En medio de la incertidumbre, pasando ese primer semestre de aquel 1985, mi familia y yo estábamos, sin saberlo, en la entrada de la violencia económica, endémica, si bien compartida con gran parte de la historia de Latinoamérica y que, como designio, nunca termina por ser certeza. Aunque siempre resiliente en la libertad orgánica, casual, creativa, y a pequeña escala, en lo social, en la economía informal.

En pocas semanas apareció una nueva precariedad. Pudimos paliar la inflación de 1985 en el cotidiano y ante la falta de empleo de mi padre, por primera vez tuve de compañera de cuarto a la ansiedad, novedosa, transparente, como sombra de la tarde en las paredes, símil en texturas infinitas en la ventana. Debo aclarar que mi inseguridad infantil ya había permeado desde antes, por no ser un buen jugador de futbol o cada vez que entraba a un cuarto con gente que no conocía, no lo sabía, pero ya estaba asimilando los ataques de ansiedad como una costumbre. En esos años, aún no estaba categorizado como diagnóstico generalizado y yo aún no encontraba la forma de darle contextos u otorgarle un nombre. Sus sinónimos: inseguridad, miedo, cobardía. Su consecuencia, un terremoto.
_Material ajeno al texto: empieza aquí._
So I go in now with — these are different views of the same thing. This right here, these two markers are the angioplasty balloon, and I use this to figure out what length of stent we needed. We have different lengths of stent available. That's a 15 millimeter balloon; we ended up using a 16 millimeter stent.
19 de septiembre de 1985, el evento que marcaría con fuego incandescente la memoria colectiva del México contemporáneo. A las 7:19 a. m., un sismo de 8.1 grados Richter sacudió la Ciudad de México, derrumbando edificios, abriendo grietas en el asfalto y dejando al descubierto la fragilidad de un sistema incapaz de responder ante la catástrofe.

«Durante tres o cuatro días hubo un vacío de poder. La gente se encargó de la organización de la ciudad», recuerda Alejandro Varas, de la Unión de Vecinos y Damnificados 19 de Septiembre.[i]
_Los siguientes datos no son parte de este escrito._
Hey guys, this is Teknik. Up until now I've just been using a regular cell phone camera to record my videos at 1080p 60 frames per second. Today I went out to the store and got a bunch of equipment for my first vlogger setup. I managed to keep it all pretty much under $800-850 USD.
En nuestra torre de marfil de Bartolache el movimiento fue violento. Las ventanas que antes nos mostraban el Ajusco ahora vibraban como hojas en un huracán. Recuerdo el sonido de los vidrios a punto de estallar, los gritos de mi padre corriendo hacia nosotros, el crujido de la estructura. El edificio se balanceaba como un barco sin capitán en altamar y, por un instante, todo pareció detenerse.

Afuera, la ciudad se transformó en un paisaje apocalíptico: el Hotel Regis, los edificios de Tlatelolco, la fábrica de costureras en San Antonio Abad, Televisa, Radio Centro… escombros que sepultaron vidas mientras el gobierno de Miguel de la Madrid tardaba en reaccionar.

Raúl Bautista, quien ha dado vida a Superbarrio Gómez, personaje emblemático de la lucha urbana, asegura que «frente a la dimensión de la tragedia, la gente tuvo que salir a tomar la ciudad. La gente desobedeció al gobierno porque había que rescatar a los atrapados y ayudar».[ii]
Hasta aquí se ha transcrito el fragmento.